Viktor Orbán Comes to CPAC

In May of this year, the Conservative Political Action Conference (CPAC) came to Budapest, attracted by the persona of Hungary’s Prime Minister Viktor Orbán. “Have your own media,” he urged the attendees, to push against “the insanity of the progressive left.” This time around, it is Orbán who is coming to a CPAC held in Dallas, Texas. He can be sure of a raucous welcome.

But do U.S. conservatives know what they are signing up for in embracing Hungary’s strongman? On July 23, Orbán delivered a speech in Băile Tușnad, Romania, in which he echoed the infamous “great replacement” theory, railed against the “flooding” of Europe with migrants of non-European descent, and warned against becoming “peoples of mixed-race.”

The usual suspects are out trying to “contextualize” and downplay Orbán’s words. Obviously, they argued, he had not been talking about race—his concerns were purely cultural and therefore completely legitimate. Yet, that was not the impression that Zsuzsa Hegedüs, his long-time adviser and a conservative scholar of social mobility and inclusion, came away with. In her scathing resignation letter, she called the speech “worthy of Goebbels,” prompting Orbán to respond with a letter of his own, affirming his “zero-tolerance policy on both antisemitism and racism.”

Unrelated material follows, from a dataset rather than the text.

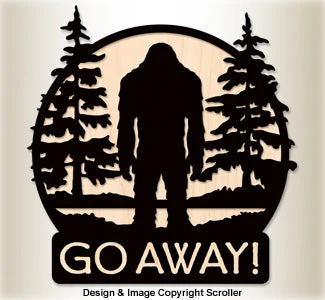 Customizable Bigfoot Wall Sign Pattern - Downloadable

While remarkable by the standards of the closed and disciplined one-party system that Orbán has built, the public clash is unlikely to have major political ramifications. His Fidesz party is too entrenched and too centralized around him to allow for any internal dissent or discussion. Not that CPAC participants would care, but the episode is illustrative of the distance that Orbán has moved since the time when a semi-plausible conservative case could be made for him as a leading voice of a new form of conservatism.